*What to work on*
Your answer is the lines below, exactly, from the one that contains "kitchen with ceiling" through the one that contains "Three Flavor Creation", both included.

*Provided entries*
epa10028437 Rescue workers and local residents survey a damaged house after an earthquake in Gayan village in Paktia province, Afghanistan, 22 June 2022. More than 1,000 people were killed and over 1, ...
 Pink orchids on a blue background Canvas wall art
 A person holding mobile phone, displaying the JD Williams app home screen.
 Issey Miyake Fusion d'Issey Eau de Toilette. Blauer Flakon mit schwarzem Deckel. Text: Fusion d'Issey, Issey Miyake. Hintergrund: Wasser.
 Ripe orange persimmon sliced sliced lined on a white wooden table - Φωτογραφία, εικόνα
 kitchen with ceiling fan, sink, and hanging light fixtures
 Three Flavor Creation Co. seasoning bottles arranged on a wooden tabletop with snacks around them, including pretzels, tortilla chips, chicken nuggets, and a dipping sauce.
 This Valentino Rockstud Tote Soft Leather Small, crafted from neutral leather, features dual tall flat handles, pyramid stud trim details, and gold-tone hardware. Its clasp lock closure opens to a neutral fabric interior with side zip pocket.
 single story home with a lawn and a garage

*Result below*
 kitchen with ceiling fan, sink, and hanging light fixtures
 Three Flavor Creation Co. seasoning bottles arranged on a wooden tabletop with snacks around them, including pretzels, tortilla chips, chicken nuggets, and a dipping sauce.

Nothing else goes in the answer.